3000-year-old copper mask discovered

3000-year-old copper mask discovered

Scientists have discovered a 3,000-year-old rectangular copper mask in Argentina - one of the oldest human-made metal object from South America.

The mask, that dates back to about 1000 BC, was found at a site where adults and children were buried.

Holes mark the position of the mask's eyes, nose and mouth, with additional small, circular openings near the edges that could have been threaded to secure it to a face or an object.

Scientists from University of Buenos Aires in Argentina also found a source of copper ore within 70 kilometres of the location where the mask was uncovered, suggesting that it was produced locally.

It is probable that metalworking emerged in Argentina at the same time that it was developing in Peru, the researchers wrote in the study published in the journal Antiquity.

The metal mask - along with a collection of human bones — was found in a tomb near a village in northwestern Argentina.

There were about 14 bodies in the burial area, with the bones all mixed together and the mask placed on top of one corner of the pile.

Another burial area nearby held a single occupant.

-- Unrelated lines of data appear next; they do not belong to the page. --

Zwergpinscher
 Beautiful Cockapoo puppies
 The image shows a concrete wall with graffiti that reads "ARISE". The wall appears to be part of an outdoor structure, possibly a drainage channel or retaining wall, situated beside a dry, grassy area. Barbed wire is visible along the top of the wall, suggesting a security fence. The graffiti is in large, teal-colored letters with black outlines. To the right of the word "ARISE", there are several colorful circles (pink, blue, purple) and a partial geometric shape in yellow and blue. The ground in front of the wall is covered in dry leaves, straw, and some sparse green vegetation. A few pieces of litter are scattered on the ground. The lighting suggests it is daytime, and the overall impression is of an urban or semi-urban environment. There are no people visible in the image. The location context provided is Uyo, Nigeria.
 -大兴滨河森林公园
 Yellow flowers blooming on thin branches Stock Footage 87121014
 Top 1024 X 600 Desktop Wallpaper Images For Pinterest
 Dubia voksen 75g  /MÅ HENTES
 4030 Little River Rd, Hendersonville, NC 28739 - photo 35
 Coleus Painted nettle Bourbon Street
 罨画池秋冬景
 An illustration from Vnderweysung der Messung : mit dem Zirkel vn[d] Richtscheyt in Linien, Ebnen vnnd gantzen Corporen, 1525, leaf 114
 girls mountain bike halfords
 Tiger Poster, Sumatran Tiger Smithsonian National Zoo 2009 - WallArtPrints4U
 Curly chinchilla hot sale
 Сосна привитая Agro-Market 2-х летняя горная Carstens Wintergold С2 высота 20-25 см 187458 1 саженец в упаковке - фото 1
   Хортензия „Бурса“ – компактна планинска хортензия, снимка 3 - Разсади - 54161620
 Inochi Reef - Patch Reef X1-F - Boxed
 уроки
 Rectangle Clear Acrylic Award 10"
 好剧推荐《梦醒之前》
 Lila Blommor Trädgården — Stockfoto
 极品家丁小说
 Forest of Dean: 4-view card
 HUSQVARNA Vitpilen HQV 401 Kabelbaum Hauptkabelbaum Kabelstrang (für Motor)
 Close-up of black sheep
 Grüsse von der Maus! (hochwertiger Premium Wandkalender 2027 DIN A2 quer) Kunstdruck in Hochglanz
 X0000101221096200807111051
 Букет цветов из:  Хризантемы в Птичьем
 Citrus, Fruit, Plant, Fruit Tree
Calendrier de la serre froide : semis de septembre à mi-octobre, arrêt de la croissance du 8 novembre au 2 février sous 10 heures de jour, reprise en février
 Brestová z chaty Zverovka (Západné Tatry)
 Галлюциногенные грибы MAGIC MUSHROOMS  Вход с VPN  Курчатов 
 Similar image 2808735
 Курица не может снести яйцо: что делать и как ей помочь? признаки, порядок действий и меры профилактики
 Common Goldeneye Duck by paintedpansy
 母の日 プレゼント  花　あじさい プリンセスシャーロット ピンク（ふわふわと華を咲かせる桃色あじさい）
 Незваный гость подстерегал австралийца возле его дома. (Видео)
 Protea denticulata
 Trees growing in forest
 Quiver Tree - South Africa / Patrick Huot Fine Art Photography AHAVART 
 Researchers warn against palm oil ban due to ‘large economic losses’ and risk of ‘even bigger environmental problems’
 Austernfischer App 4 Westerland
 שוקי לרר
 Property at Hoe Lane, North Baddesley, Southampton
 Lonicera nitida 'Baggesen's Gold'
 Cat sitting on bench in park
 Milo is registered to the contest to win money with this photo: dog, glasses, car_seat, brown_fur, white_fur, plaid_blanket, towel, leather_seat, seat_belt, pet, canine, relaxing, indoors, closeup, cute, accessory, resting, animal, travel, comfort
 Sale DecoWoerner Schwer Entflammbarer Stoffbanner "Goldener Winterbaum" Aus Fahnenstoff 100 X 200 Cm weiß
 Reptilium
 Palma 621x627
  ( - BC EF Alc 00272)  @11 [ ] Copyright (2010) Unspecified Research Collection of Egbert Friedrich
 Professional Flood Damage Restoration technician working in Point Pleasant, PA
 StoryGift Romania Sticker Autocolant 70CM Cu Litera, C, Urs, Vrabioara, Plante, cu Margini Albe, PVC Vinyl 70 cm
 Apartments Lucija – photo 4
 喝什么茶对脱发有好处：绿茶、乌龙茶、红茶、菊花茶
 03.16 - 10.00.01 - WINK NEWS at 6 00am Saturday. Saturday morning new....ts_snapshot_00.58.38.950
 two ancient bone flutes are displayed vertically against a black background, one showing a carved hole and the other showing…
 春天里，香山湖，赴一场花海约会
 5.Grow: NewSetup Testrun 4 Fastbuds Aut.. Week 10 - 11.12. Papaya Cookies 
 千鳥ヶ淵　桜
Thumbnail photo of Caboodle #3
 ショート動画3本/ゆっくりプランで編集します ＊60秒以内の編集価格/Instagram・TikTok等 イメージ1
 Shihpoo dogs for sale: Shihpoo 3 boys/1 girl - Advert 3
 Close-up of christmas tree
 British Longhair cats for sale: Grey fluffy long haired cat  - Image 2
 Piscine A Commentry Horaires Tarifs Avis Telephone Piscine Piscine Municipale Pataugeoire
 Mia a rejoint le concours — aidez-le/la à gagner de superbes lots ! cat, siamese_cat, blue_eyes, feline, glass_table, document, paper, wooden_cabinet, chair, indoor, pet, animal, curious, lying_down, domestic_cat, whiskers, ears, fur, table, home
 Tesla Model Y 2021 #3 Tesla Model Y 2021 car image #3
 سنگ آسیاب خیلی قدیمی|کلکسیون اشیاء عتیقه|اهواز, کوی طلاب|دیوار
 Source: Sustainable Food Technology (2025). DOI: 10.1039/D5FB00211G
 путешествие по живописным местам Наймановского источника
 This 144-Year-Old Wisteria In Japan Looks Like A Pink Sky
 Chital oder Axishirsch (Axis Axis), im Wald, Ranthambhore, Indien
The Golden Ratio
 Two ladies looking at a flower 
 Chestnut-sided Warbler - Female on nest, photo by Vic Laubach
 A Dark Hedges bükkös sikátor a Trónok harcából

The bones of a child about 8 to 12 years old, also dating to about 3,000 years ago, were buried with a stone bead and a copper pendant, 'Live Science' reported.

The mask measures about 18 centimetres long and nearly 15 cm wide. To create the mask, someone would have hammered the metal flat while it was cold and then reheated it, researchers said.

The age of these metal objects - particularly the mask, crafted to deliberately resemble a human face - strongly suggests that people in the Argentinian regions of the Andes were shaping copper into artifacts earlier than previously thought, they said.